2007-09-29 Thread John Sheu

Jay Stelly wrote:

But it's not a framework that lets you sweep a
vcollide against the entire scene - which is probably what you want (and
what John wanted as I recall).  In fact it's pretty straightforward to
extend vphysics to do this, but the current implementation would be
incredibly slow if you used any displacements at all because it would
have to consider each triangle separately.
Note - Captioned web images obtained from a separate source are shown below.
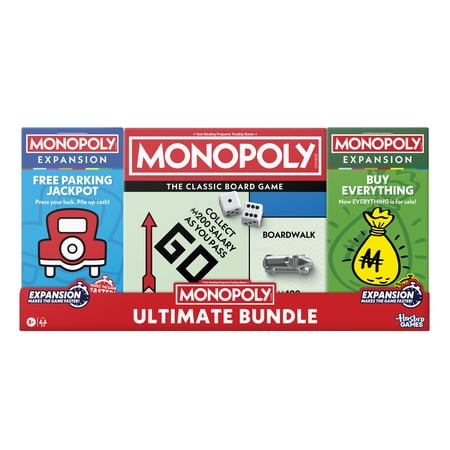 Monopoly Ultimate Bundle, Classic Game And 2 Expansion Packs, Family Board Games, Holiday Gifts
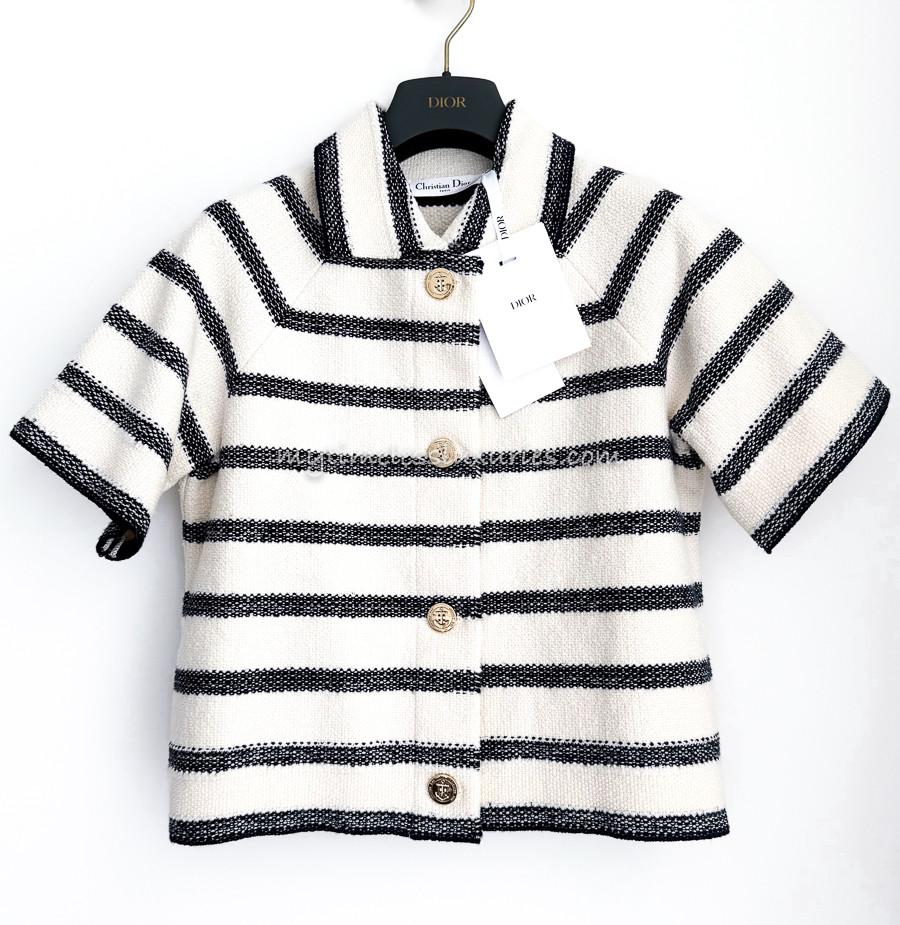 DIOR 2023 Mariniere Logo Short Sleeve Jacket *New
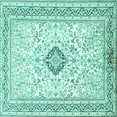 thumbnail image 1 of Ahgly Company Indoor Square Medallion Turquoise Blue Traditional Area Rugs, 8' Square, 1 of 4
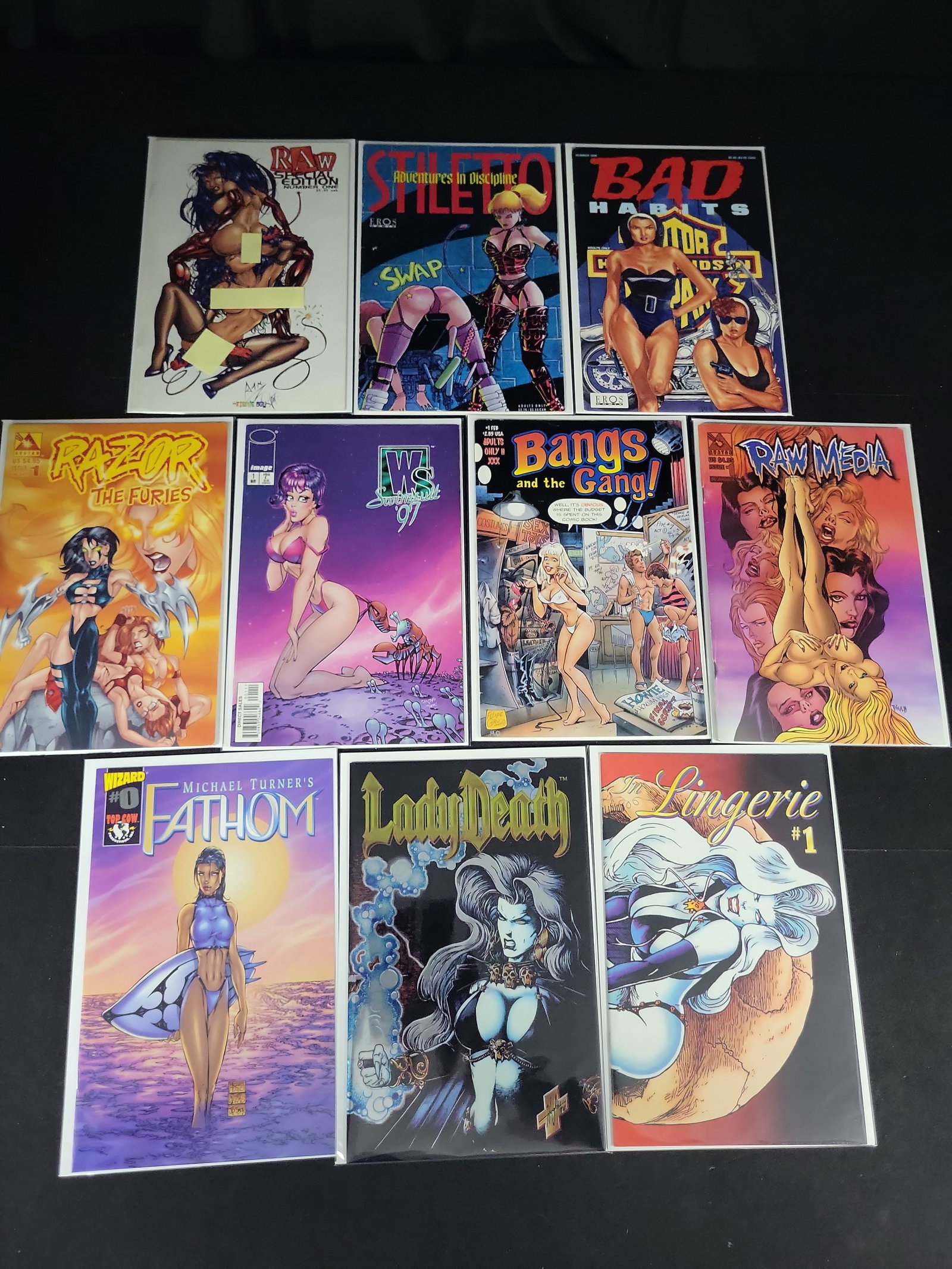 I02130 | A Collection of Ten Modern Age Bad Girl and Mature Themed Comic Books: BID PER WHAT YOU SEE IN THE PHOTO, NOT THE AI GENERATED TITLES AND DESCRIPTIONS! A Collection of Ten Modern Age Bad Girl and Mature Themed Comic Books This collection consists of ten raw, ungraded mod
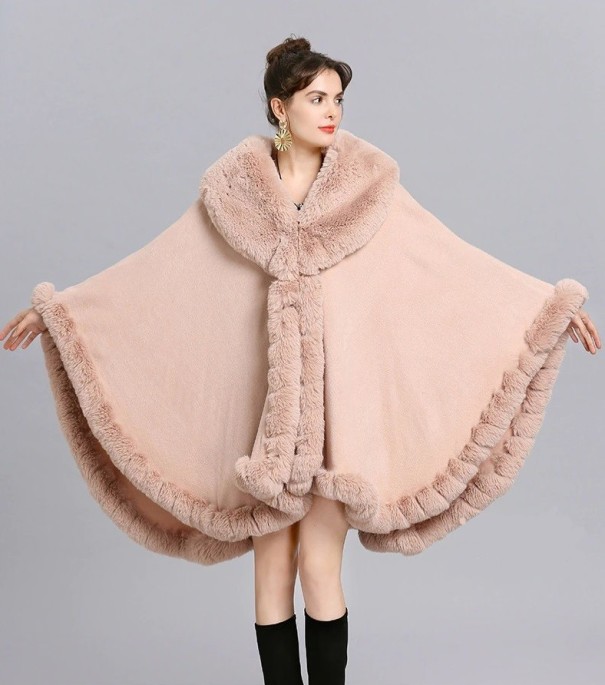 Poncho Invernale Donna P2529 rosa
That would be really nice.  Or actually, would have been really nice.
And kinda overdue, since the SDK-side framework is there

d) physics tests only happen once per frame in static positions - not
exactly sure what you are trying to say here but it sounds incorrect to
me.  The movement in vphysics though not described as sweeps/traces is
still computed as continuous motion.  It's not like all of the objects
move and then do a static test to see if they are inside another object
or have passed through another object.  The collisions are computed
continuously along the path of translation/rotation.  It may still be a
pain for your player movement strategy, but it certainly isn't evaluated
in static positions if that helps to understand it better.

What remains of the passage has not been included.